Frankfurt am Main, 12. September 2026

Klage gegen Mietpreisbremse in Frankfurt am Main

Mangel an bezahlbaren Wohnungen in Frankfurt am Main führt zur Formierung von Protesten.
Reales Transparent »Die Stadt von unten erkämpfen – Freiräume und Wohnraum für Alle« auf der Veranstaltung »Stadt erkämpfen und Wohnraum für alle« am 13. Februar 2016 (Frankfurt/M.): Der Mangel an bezahlbaren Wohnungen in Frankfurt führt zur Formierung unterschiedlicher Protestformen… Foto: Bernhard Schülke.

Gegen die Stadt Frankfurt ist in der vergangenen Woche eine Klage der kanadischen Investorengruppe Derrick vor dem Internationalen Investitions-Gerichtshof eingegangen. Derrick ist Großinvestor auch der deutschen Lannington-Wohnbau AG.
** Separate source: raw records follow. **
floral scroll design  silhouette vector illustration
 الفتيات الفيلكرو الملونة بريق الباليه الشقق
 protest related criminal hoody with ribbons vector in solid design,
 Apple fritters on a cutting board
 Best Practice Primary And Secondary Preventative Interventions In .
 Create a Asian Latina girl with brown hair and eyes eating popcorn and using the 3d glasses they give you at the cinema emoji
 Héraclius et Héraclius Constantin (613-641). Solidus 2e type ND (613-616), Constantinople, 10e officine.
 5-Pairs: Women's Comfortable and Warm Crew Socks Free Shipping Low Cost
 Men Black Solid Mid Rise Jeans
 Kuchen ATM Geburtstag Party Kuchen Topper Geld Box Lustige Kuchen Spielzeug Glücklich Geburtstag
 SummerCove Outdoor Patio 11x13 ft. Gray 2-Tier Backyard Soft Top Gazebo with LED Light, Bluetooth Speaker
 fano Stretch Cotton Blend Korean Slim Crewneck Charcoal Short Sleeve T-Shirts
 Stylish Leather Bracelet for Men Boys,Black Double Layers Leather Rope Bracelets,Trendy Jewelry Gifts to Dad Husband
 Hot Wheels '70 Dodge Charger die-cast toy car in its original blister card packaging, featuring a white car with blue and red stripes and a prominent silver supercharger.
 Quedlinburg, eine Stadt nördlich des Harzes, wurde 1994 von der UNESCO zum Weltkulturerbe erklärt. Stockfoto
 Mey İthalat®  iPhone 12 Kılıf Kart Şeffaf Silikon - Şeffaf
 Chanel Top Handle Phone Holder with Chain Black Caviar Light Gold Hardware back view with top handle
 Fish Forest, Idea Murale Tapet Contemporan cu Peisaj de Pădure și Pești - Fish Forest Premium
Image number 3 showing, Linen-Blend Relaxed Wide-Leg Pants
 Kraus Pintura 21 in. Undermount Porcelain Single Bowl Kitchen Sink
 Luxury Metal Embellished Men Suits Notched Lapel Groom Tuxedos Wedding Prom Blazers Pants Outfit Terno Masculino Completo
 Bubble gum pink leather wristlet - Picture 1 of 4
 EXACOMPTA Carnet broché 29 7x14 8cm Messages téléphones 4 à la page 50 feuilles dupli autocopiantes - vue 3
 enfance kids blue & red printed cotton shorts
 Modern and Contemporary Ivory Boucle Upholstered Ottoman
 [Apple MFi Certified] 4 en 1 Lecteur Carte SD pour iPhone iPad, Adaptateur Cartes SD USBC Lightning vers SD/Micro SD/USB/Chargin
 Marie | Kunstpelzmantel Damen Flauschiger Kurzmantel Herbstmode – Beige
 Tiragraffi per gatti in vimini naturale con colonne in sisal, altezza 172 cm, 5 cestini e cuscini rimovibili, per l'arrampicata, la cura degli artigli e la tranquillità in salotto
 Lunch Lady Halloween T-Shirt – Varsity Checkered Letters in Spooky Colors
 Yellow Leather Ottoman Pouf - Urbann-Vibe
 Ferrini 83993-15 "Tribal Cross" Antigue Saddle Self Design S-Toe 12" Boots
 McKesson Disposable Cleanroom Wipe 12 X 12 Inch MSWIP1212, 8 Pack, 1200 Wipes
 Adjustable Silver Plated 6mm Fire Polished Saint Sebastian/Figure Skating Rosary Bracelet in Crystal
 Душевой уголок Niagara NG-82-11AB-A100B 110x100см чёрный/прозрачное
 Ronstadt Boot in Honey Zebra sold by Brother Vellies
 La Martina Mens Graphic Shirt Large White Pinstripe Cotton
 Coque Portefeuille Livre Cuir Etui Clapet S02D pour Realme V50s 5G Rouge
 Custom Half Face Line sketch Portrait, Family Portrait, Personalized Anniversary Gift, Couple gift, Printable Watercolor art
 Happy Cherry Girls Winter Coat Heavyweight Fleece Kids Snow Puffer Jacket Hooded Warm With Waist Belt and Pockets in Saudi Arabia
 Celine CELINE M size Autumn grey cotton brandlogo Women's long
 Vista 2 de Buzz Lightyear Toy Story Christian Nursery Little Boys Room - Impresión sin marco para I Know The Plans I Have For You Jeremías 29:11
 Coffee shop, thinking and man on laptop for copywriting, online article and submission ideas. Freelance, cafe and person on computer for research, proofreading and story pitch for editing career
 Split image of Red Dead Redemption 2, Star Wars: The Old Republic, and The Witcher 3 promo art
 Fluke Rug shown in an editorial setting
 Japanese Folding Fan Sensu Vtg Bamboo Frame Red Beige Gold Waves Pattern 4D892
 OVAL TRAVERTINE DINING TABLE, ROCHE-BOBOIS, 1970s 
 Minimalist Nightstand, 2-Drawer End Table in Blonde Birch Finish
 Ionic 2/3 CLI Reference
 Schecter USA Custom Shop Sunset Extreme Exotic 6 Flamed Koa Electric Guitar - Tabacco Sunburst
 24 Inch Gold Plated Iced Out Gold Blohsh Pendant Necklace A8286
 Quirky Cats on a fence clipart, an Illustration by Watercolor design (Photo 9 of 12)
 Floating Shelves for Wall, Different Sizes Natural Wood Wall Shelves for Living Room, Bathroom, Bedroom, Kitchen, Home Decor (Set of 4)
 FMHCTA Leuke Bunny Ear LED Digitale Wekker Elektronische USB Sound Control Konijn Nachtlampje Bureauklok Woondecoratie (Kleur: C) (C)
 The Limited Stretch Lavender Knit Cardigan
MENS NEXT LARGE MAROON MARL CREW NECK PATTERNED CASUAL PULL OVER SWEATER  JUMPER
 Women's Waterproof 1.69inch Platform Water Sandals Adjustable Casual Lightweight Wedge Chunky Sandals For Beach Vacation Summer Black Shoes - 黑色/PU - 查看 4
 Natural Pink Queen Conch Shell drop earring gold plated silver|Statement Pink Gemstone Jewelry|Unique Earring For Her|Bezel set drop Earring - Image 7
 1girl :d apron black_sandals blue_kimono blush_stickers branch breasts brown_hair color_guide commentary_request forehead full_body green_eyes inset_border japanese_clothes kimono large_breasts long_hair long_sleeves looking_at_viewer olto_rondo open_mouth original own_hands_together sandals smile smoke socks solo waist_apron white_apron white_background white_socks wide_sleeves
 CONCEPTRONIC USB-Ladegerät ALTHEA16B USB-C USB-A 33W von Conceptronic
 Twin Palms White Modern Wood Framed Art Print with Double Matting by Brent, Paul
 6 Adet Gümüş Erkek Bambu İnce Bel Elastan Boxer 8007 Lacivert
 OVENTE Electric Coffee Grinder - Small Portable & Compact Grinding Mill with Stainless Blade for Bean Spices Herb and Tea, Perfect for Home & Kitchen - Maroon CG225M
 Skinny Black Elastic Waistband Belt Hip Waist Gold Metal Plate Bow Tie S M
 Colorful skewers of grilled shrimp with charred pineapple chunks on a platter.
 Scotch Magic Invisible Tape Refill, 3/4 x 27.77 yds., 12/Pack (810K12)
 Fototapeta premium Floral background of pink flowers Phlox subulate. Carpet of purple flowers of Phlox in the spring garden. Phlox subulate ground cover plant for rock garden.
Die Stadt Frankfurt setzt seit einiger Zeit in Gebieten „mit angespanntem Wohnungsmarkt“, so z.B. im Frankfurter Nordend, sowohl die Mietpreisbremse als auch Mieterschutzsatzungen konsequent durch. Dies aber bedrohe, so die Investorengruppe ihre „legitimen Erwartungen“, da die zukünftigen Gewinne aus den betroffenen Beständen erheblich gemindert würden. Die marktgerechte Anhebung der Mieten bei Neuvermietung sei Teil des Geschäftsmodells und damit Voraussetzung für die Übernahme und Modernisierung der Bestände gerade im Nordend gewesen. Frankfurt habe deshalb mit seinen willkürlichen Eingriffen in den Markt klar gegen die durch CETA garantierten Prinzipien des Investitionsschutzes verstoßen.

Zu der Klageerhebung, deren Erfolg tausende Frankfurter Mieter betreffen würde, gibt es vom Römer  [Frankfurter Stadtregierung, Magistrat der Stadt Frankfurt] noch keine Stellungnahme.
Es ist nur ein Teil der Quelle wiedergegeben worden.